Barley soup with miso

Vegetarian matzo ball soup

Makes 5 cups – 4 servings

During my travels to Asia, I came to love miso for its wonderful salty depth, texture, and rich flavor. Marrying it with Riesling’s unique fruity character creates a uniquely flavorful vegetable-barley soup.

1/3 cup barley (either regular or quick-cooking barley)

2 tablespoons canola oil

1 ½ cups finely chopped onion

3 cups sliced cremini mushrooms (about 8 ounces)
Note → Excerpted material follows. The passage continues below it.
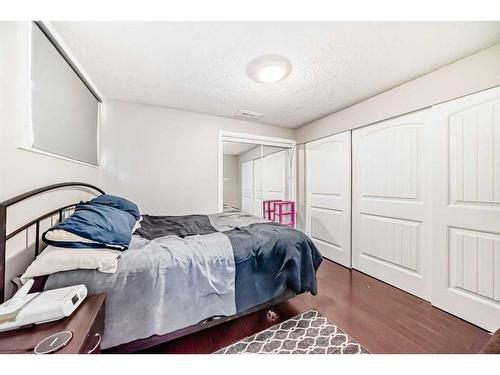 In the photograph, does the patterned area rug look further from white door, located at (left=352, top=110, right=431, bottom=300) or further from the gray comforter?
white door, located at (left=352, top=110, right=431, bottom=300)

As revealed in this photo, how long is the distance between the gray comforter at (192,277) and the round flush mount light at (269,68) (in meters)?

2 teaspoons minced fresh ginger

½ cup Riesling or other medium-bodied, high-acid, semi-sweet white wine

3 ½ cups hot water

¼ cup brown miso

2 carrots, finely chopped

½ teaspoon freshly ground pepper, or to taste

Finely chopped scallions, green parts only, for garnish

Cook the barley according to package instructions. (One-third cup uncooked barley yields 1 cup cooked.)

Meanwhile, heat the oil in a Dutch oven over medium heat. Add the onion; cook, stirring occasionally, until translucent, about 5 minutes. Add the mushrooms and ginger; cook, stirring frequently, until the mushrooms are tender, about 5 minutes. Reduce the heat to low; add the wine. Use a spoon to stir, scraping up the browned juices on the bottom of the pan.

Combine the hot water and miso in a small bowl; whisk until the miso is dissolved. Add to the mushroom mixture. Stir in the carrots and the cooked barley.

Increase the heat to high; when the soup comes to a boil, reduce the heat to low. Cover and simmer the soup until the carrots are tender, about 8 minutes. Stir in the pepper. Taste and adjust the seasoning.

Sprinkle the servings with scallions.